### WORK ITEM:
Leave out any pictures and transcribe all other data below exactly.

*** INFORMATION PROVIDED

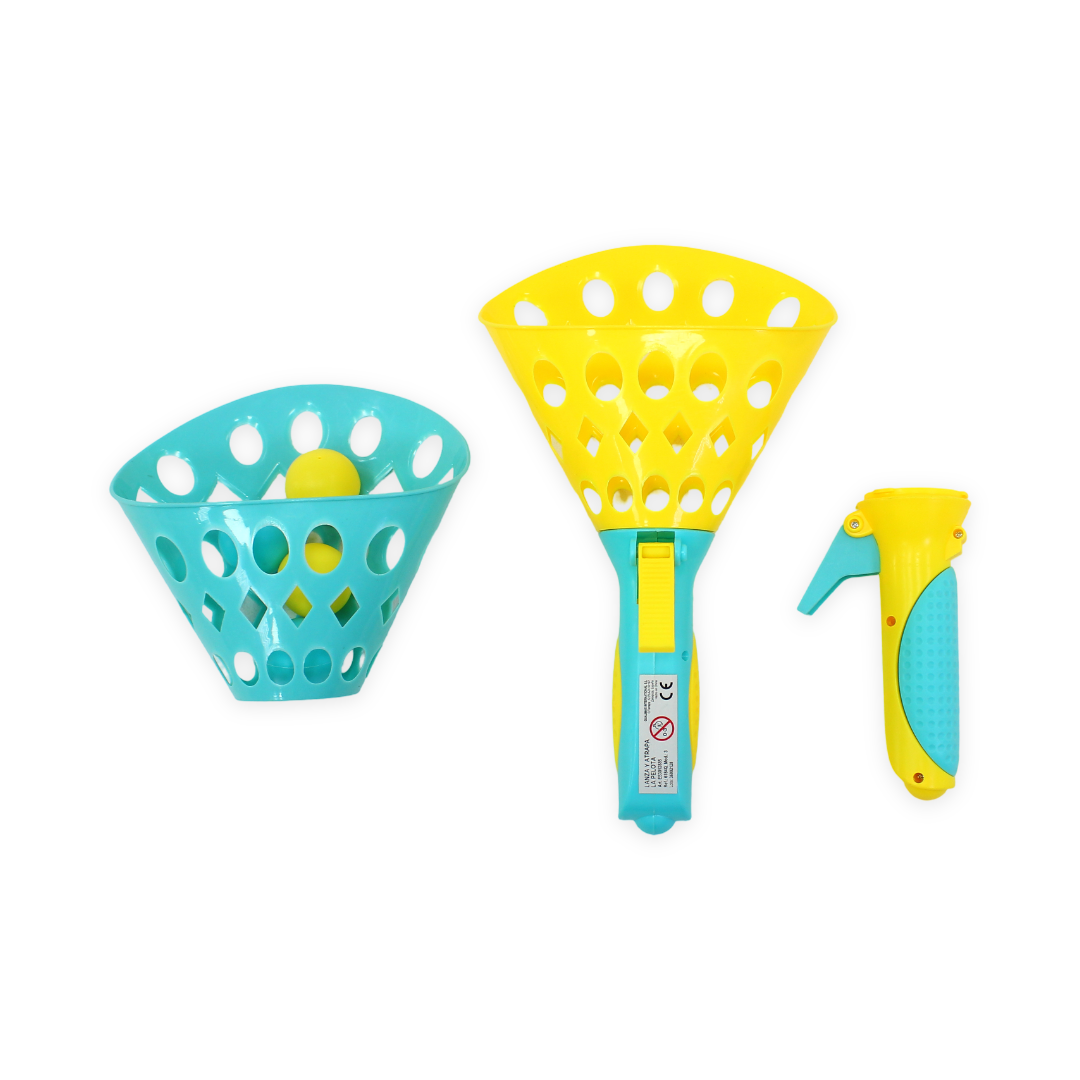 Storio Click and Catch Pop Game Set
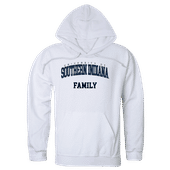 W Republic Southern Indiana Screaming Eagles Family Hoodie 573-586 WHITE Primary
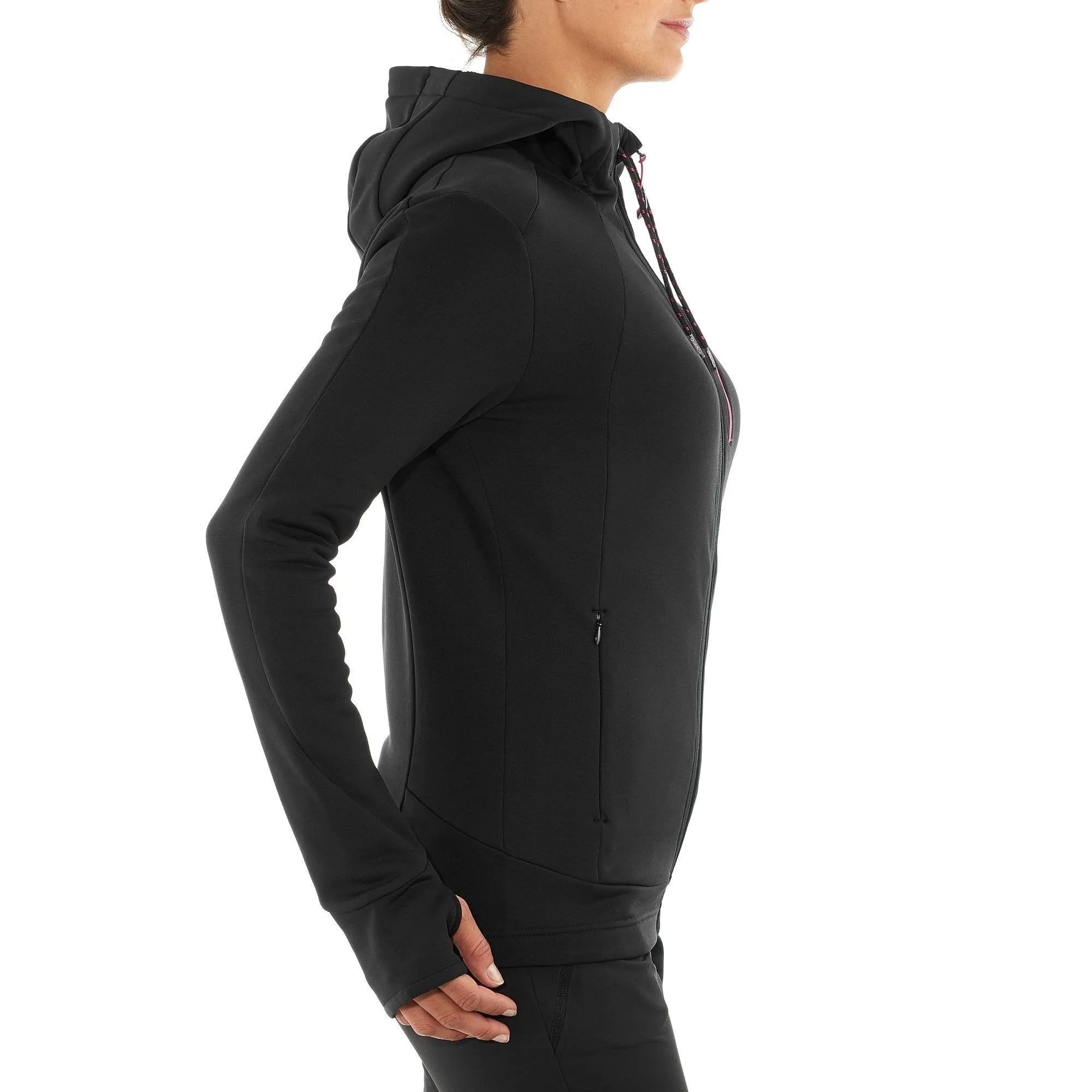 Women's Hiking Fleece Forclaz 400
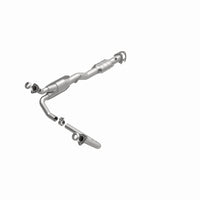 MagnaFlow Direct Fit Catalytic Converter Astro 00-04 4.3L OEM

******

### RESULT OF THIS EXERCISE:
 Storio Click and Catch Pop Game Set
 W Republic Southern Indiana Screaming Eagles Family Hoodie 573-586 WHITE Primary
 Women's Hiking Fleece Forclaz 400
 MagnaFlow Direct Fit Catalytic Converter Astro 00-04 4.3L OEM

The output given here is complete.